There followed a number of other academic writings on the subject of “just” compensation, all agreeing that under what passes for eminent domain law, condemnees are routinely undercompensated. But hard data like Berger’s and Rohan’s have been hard to come by. Nonetheless, some investigative newspaper reporters looked from time to time into the realities of compensation in eminent domain and reached the same conclusions.
A 1999 study by the Salt Lake Tribune indicated that of the Utah property owners who rejected condemnor offers and insisted on valuation trials to establish their compensation, 80% recovered more in court than the condemnor’s offers, with the average increase averaging 40% over those offers. Ray Rivera, UDOT: Fair Deals or Land Grabs? Salt Lake Tribune, Oct. 24, 1999, at p. A1, Ray Rivera and Dan Harrie, UDOT Appraisals Lose in Court, Salt Lake Tribune, Oct. 24, 1999, at p. 1A.
Then there was the Minneapolis study by Dan Browning, MnDOT’s Tactics Squeeze Landowners, Minneapolis Star Tribune, Sep. 21, 2003, at page 1A. “The Star Tribune analyzed MnDOT’s computer records showing more than 1,200 cases since the late 1980s in which disagreements over land value were decided by court- appointed commissions. In two-thirds of those cases, the commission determined that property owners deserved at least 20% more money than MnDOT first offered. In a third of the cases, the award was at least double [MnDOT’s offer].” * * * “When Minnesota property owners refuse MnDOT’s purchase price, they can appeal to a commission appointed by the court to determine the value. These commissions often find MnDOT’s offers too low. Here are the results of 847 such cases decided from 1998 to 2003. MnDOT’s appraisals: $78.8 million. Amount paid or pending: $130.5 million.”

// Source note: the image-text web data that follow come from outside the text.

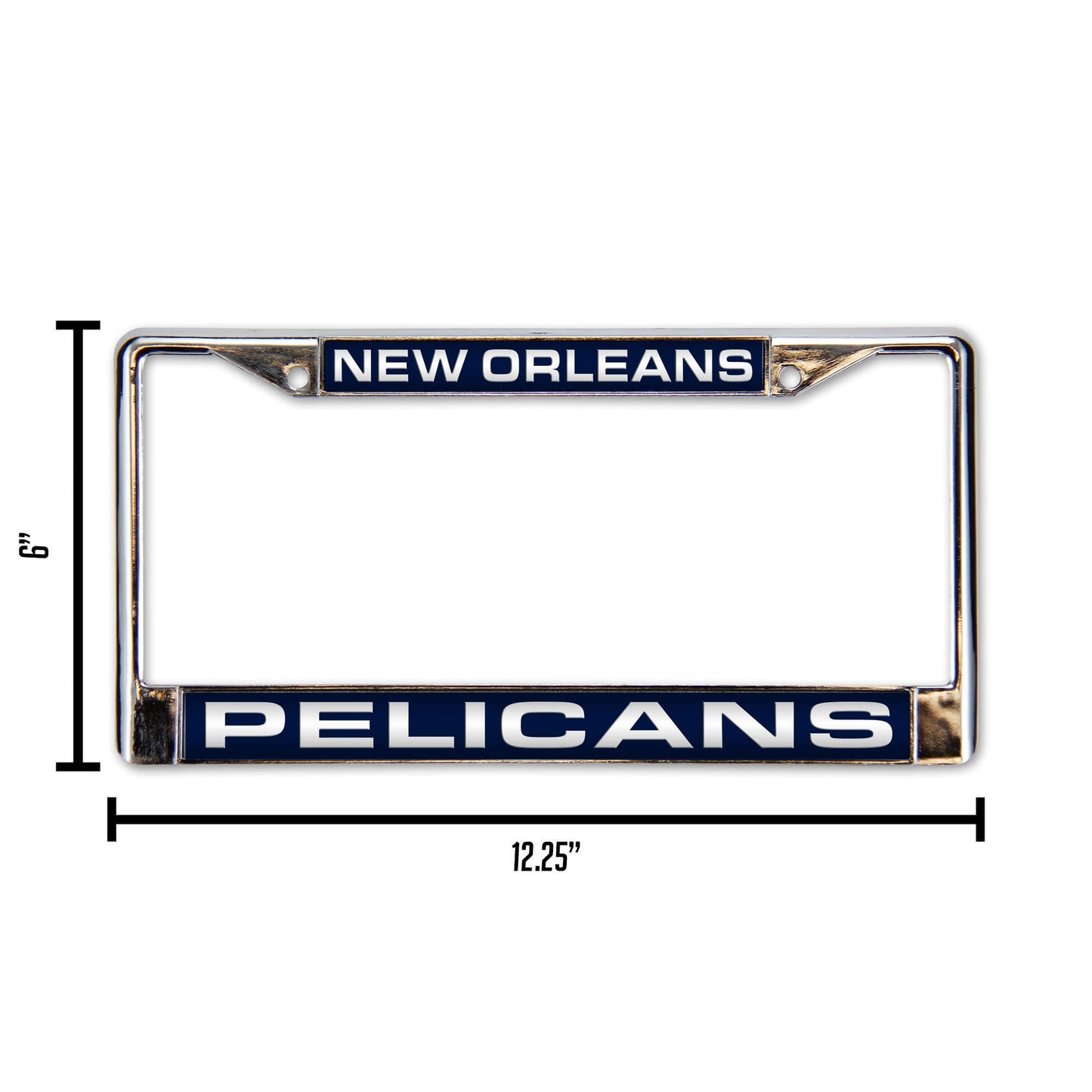 New Orleans Basketball Pelican's Chrome Metal Laser Cut License Plate Frame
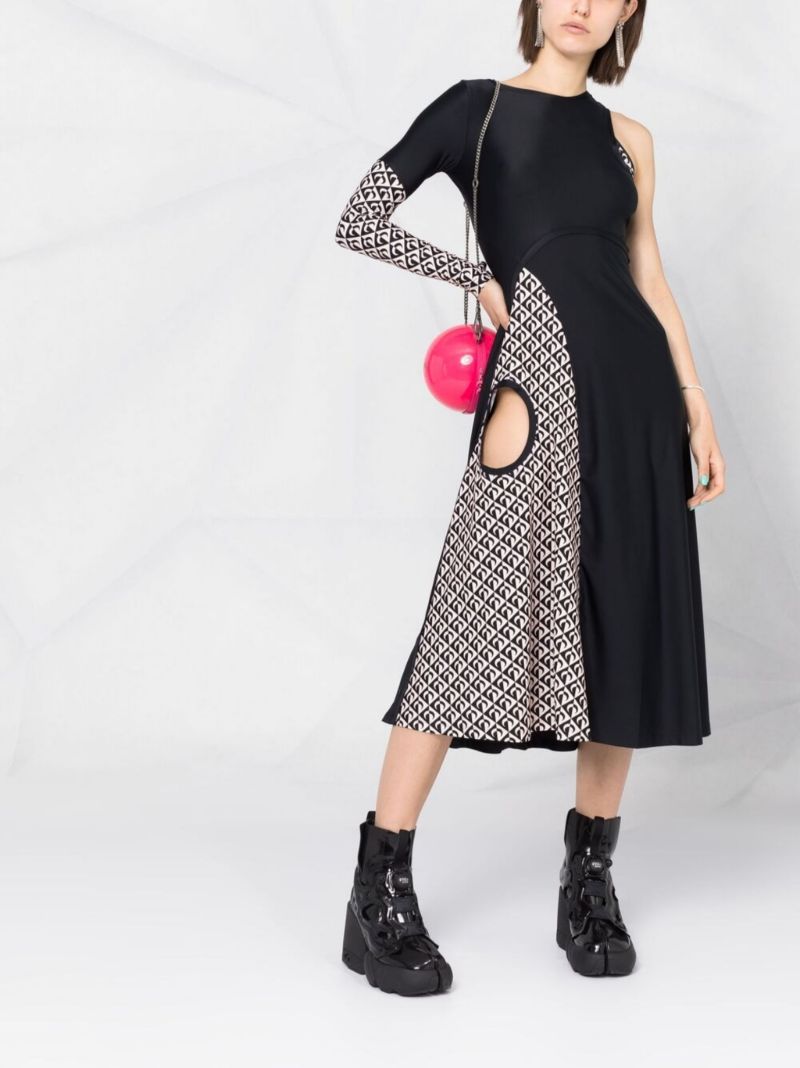 Black Patchwork Cut-out Dress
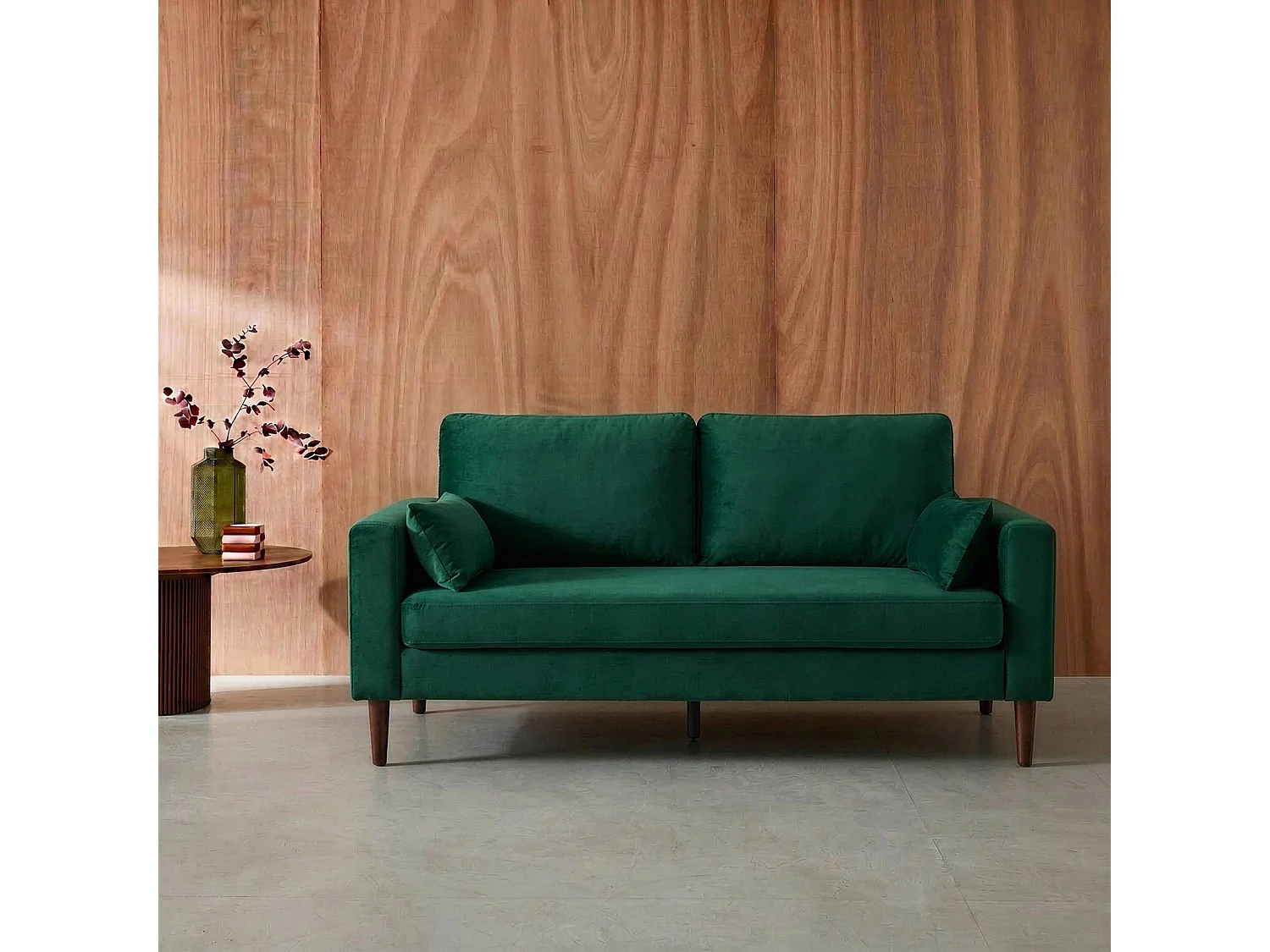 Sofá de terciopelo con patas de madera de hevea, 3 plazas verde ingles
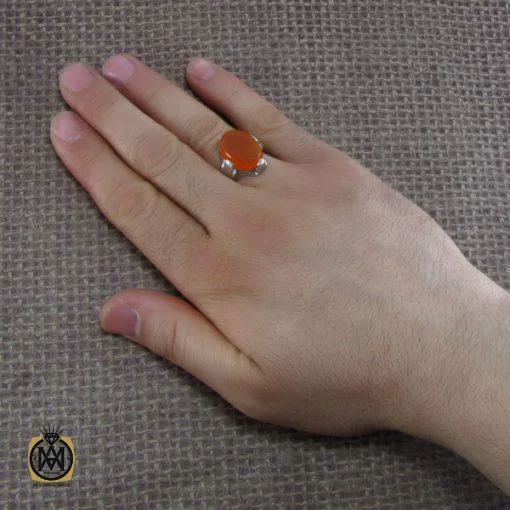 انگشتر عقیق یمن مردانه با حکاکی الله نور السماوات والارض - کد 8118 - تصویر 6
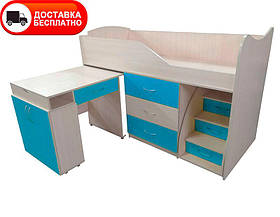 Ліжко-кімната Bed Room-5 колір блакитний, висувна драбина-комод, висувний стіл, вибір кольору фасадів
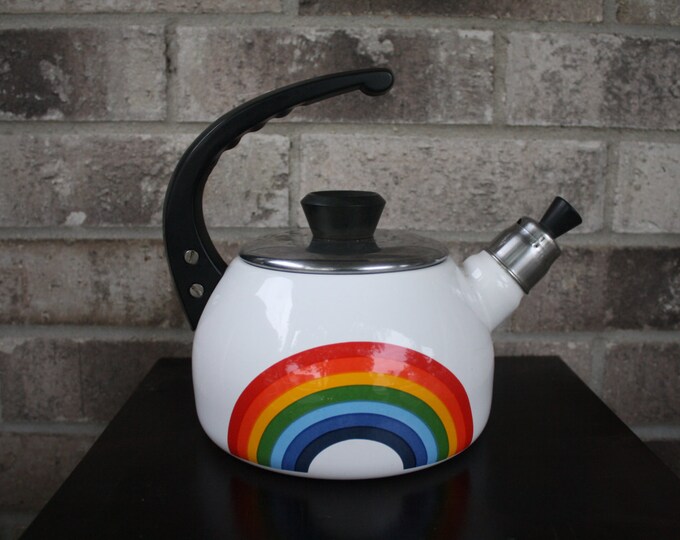 Vintage Enamel Rainbow Tea Kettle Stove Top Tea Kettle Etsy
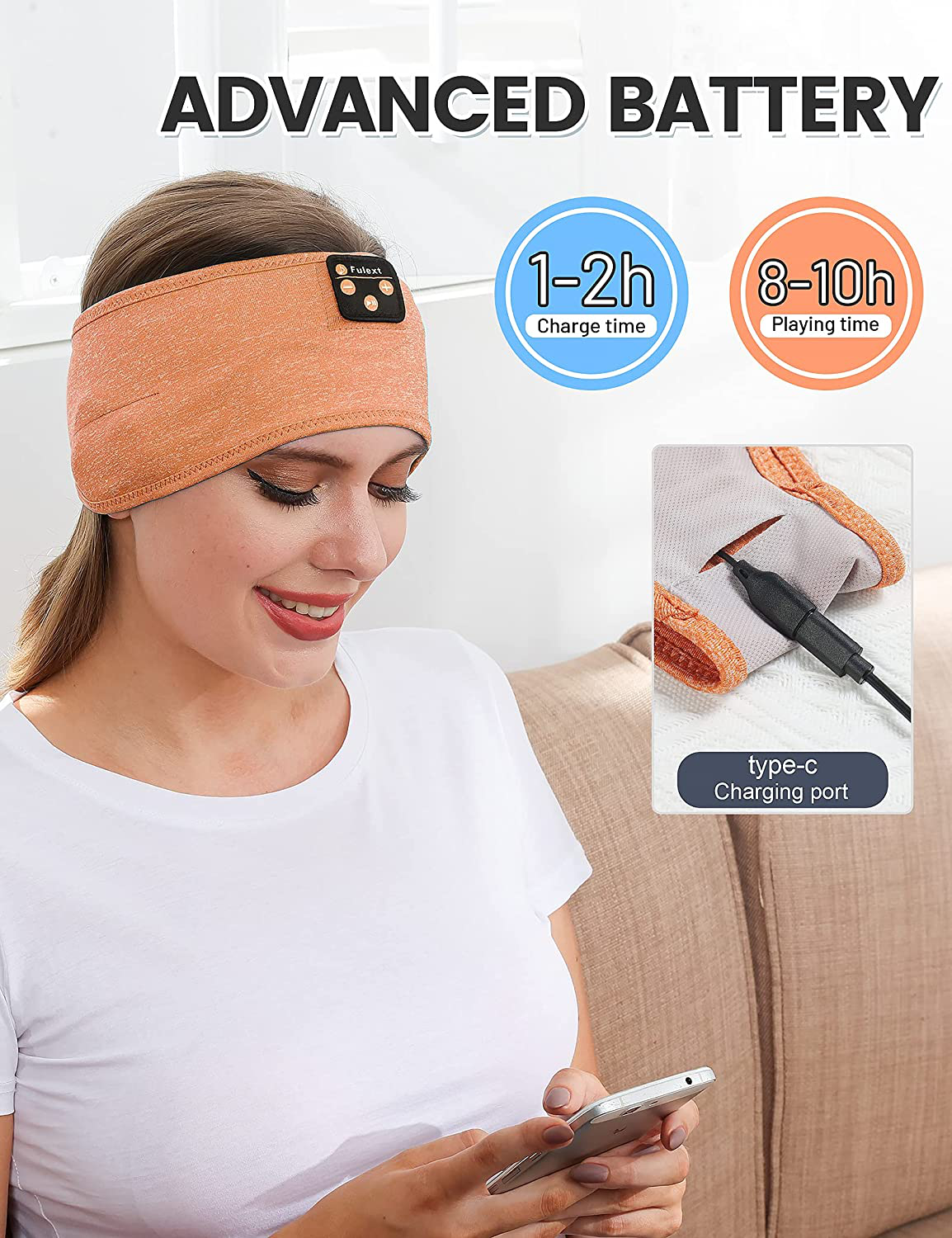 Sleep Headphones Bluetooth Sleeping Headband, Perytong Sleeping Headphones Music Sports Headband, Ultra-Soft Headphones Headband for Side Sleepers, Sleeping Gifts for Men Women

Now, yet another study has been made in Georgia by two professors of planning and business respectively, with similar results. Interestingly, these two gents are not condemnation lawyers and therefore don’t have a dog in this fight. See S. Alan Aycock, CPA, PhD, and Roy T. Black, PhD., J.D., Special Master Bias in Eminent Domain Cases (unpublished paper). The results of their study play a familiar tune. Undercompensation of condemnees is the norm in Georgia, even though the special masters usually award more than the condemnor’s offers. This is no place to go through the entire study which you can get by contacting Roy_black@bus.emory.edu , but its bottom line is that “condemnor appraisals are consistently lower than either the property owner appraisal or the final award.” Aycock and Black found that the average condemnor appraisal was $32,722, the special master award was $51,304, and the final [judicial] award was $177,758 (over five times the condemnor’s offer). The authors concede that this study was based on a small data base and they urge additional studies using a larger data base. But even so, these results are consistent with the results of earlier studies mentioned above. As those dead old Englishmen used to say, res ipsa loquitur — they speak for themselves.